Project 2

Completing a full text analysis

Overview

You will find a data set containing string / character data. The data could be on newspaper articles, tweets, songs, scripts, movie reviews, or anything else you can imagine. Then you will answer questions of interest and tell a story about your data using the string and regular expression skills you have developed.

Your analysis must contain the following elements:

at least 3 str_*() functions (3 different functions)
at least 3 regular expressions
at least 1 lookaround
at least 2 illustrative, well-labeled plots or tables
a description of what insights can be gained from your plots and tables
a reference / documentation of the data source.

Logistics:

please include all your code used in the analysis (but feel free to use code folding¹.)
make sure that all graphs are well-labeled (including x and y axes, title of the graph, and accurate and succinct labels for color and fill).
do not include error or warning messages (see HW YAML for code).
include a few sentences describing each of your plots or tables. That is, tell the reader what they see when they look at the plot. Your narrative description should be in the text part of the qmd file, not as a comment in an R chunk.
please include the source of the data (which might include, for example, both the link to the data source (e.g., TidyTuesday page) + the original source of the data (e.g., NYT)).
if you are working with a (local) copy of the .csv file (as opposed to, for example, a link to the dataset on TidyTuesday’s GitHub site), then the .csv file should live in your GitHub repository for your website.
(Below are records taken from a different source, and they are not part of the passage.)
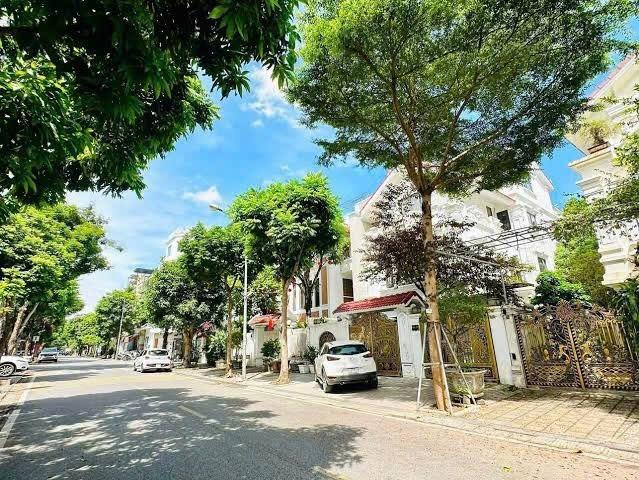 Cần cho thuê nhà lk 200 m2 tại Đường Trần Kim Xuyến - Cầu Giấy - Hà Nội, giá 45 triệu/tháng
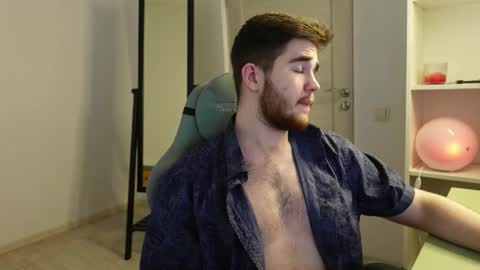 Snapshot of mark_maxim chatting on 10.16.25 MARK MAXIM online show from 10.16.25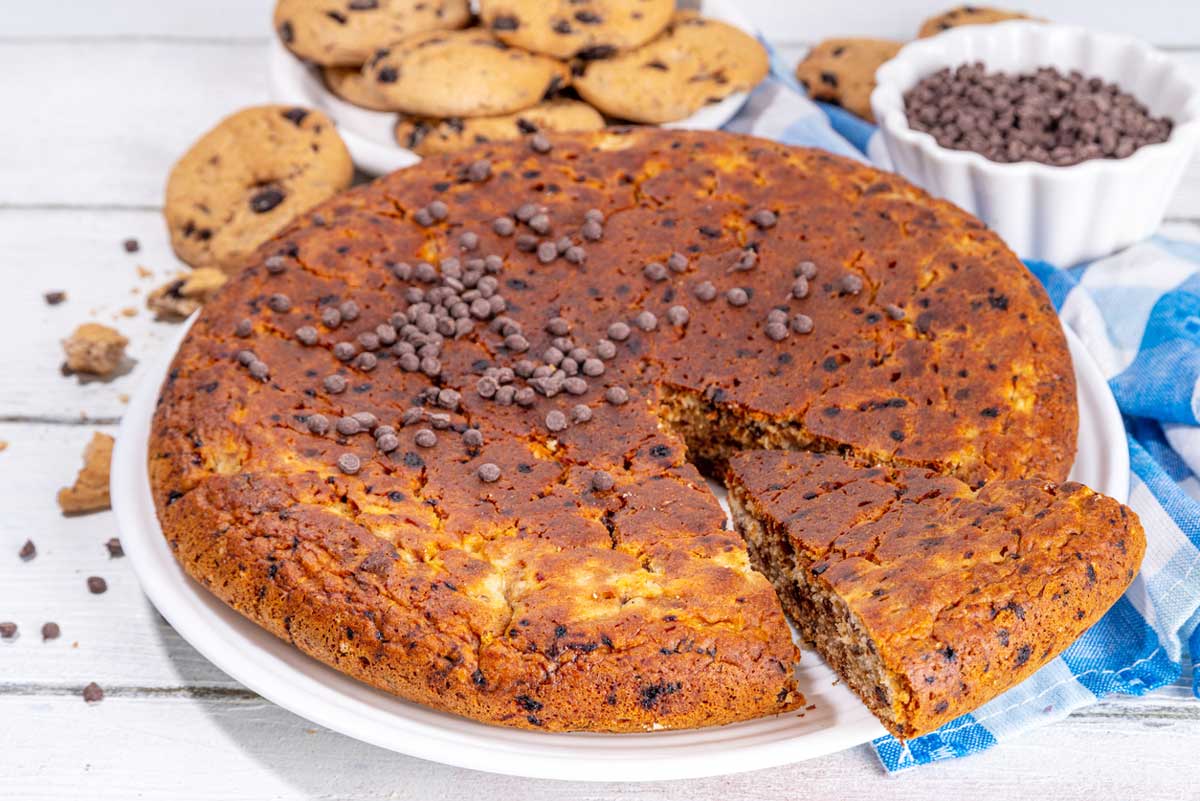 cookie pie Domácí cookie pie z cizrny s čokoládovými kousky jako sladký dezert s vyšším obsahem bílkovin.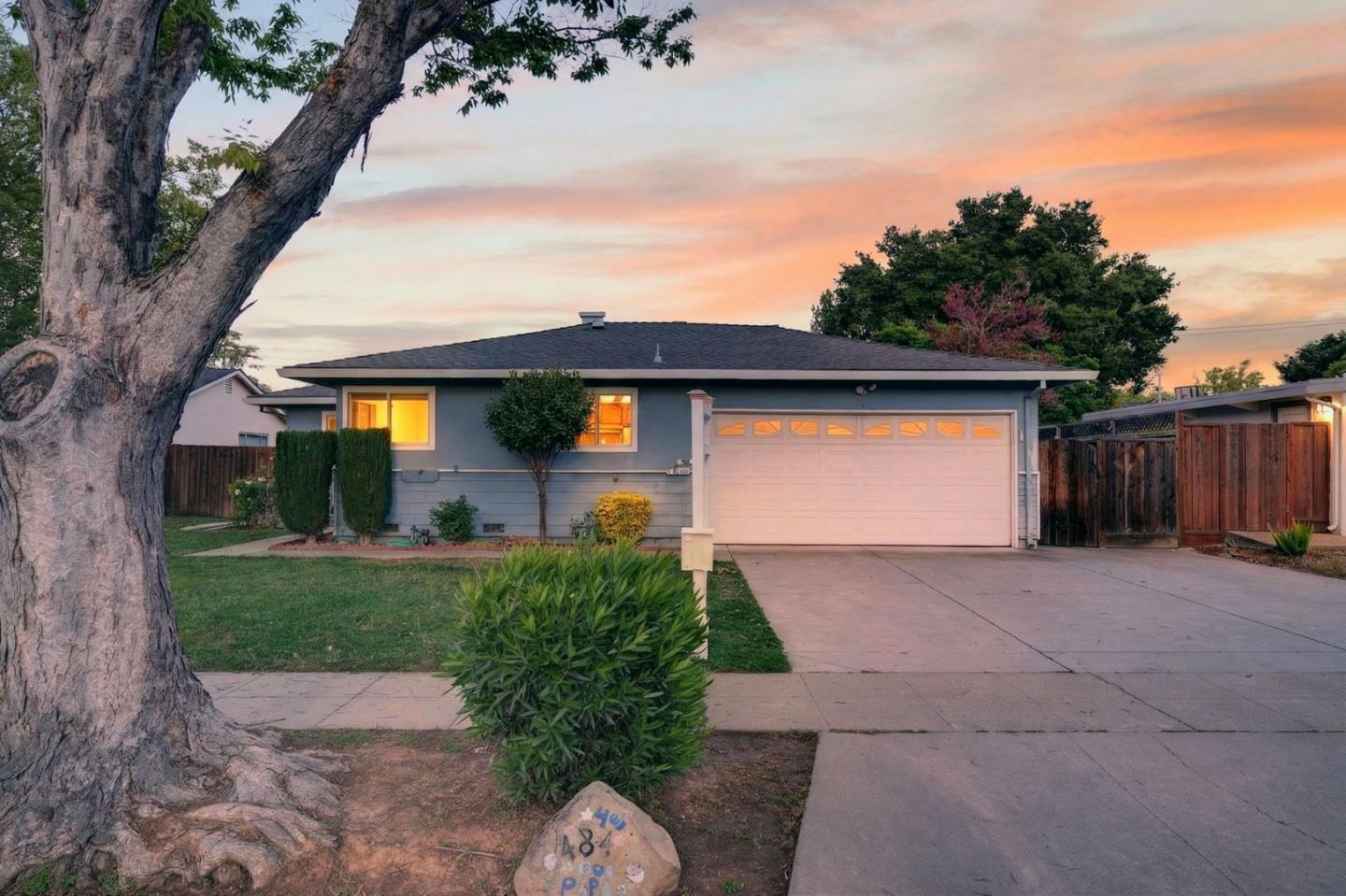 Detail Gallery Image 3 of 43 For 4842 Winton Way, San Jose,  CA 95124 - 3 Beds | 2 Baths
And you should read the data in from that local copy. That is, the dataset should not live in your Downloads.

Some potential places to find text data

I’ve gathered some potential datasets for you to work with. All of the datasets below contain some or a lot of text.

Shakespeare Dialogue
Netflix titles
synopses data frame for Broadway Weekly Grosses
Friends dialogue
Federalist Papers
- Load the package into R using

install.packages("devtools")
devtools::install_github("nicholasjhorton/FederalistPapers")

All of Emily Dickinson’s poems
- Load the package into R using

devtools::install_github("Amherst-Statistics/DickinsonPoems")

Every line of the office
All of Barack Obama’s tweets archived by the National Archives.
The “Dear Abby” stories underlying The Pudding’s 30 Years of American Anxieties article
- See data on the The Pudding’s GitHub site
- Load the data in using

read_csv("https://raw.githubusercontent.com/the-pudding/data/master/dearabby/raw_da_qs.csv")

Other articles from The Pudding
NY Times headlines from the RTextTools package (see below)

library(RTextTools) 
data(NYTimes)
as_tibble(NYTimes)

the options are endless – be resourceful and creative!

Timeline

Project 2 must be submitted on Canvas (not Gradescope) by 11:59 PM on Wednesday March 5. You will add a tab to your Quarto webpage and submit the new page’s URL. [Remember, you should continue to work in your website Rproj. Do not start a new R Project.]

Footnotes

code folding allows the user can see the code if they want to: https://quarto.org/docs/output-formats/html-code.html#folding-code↩︎

Reuse

CC BY 4.0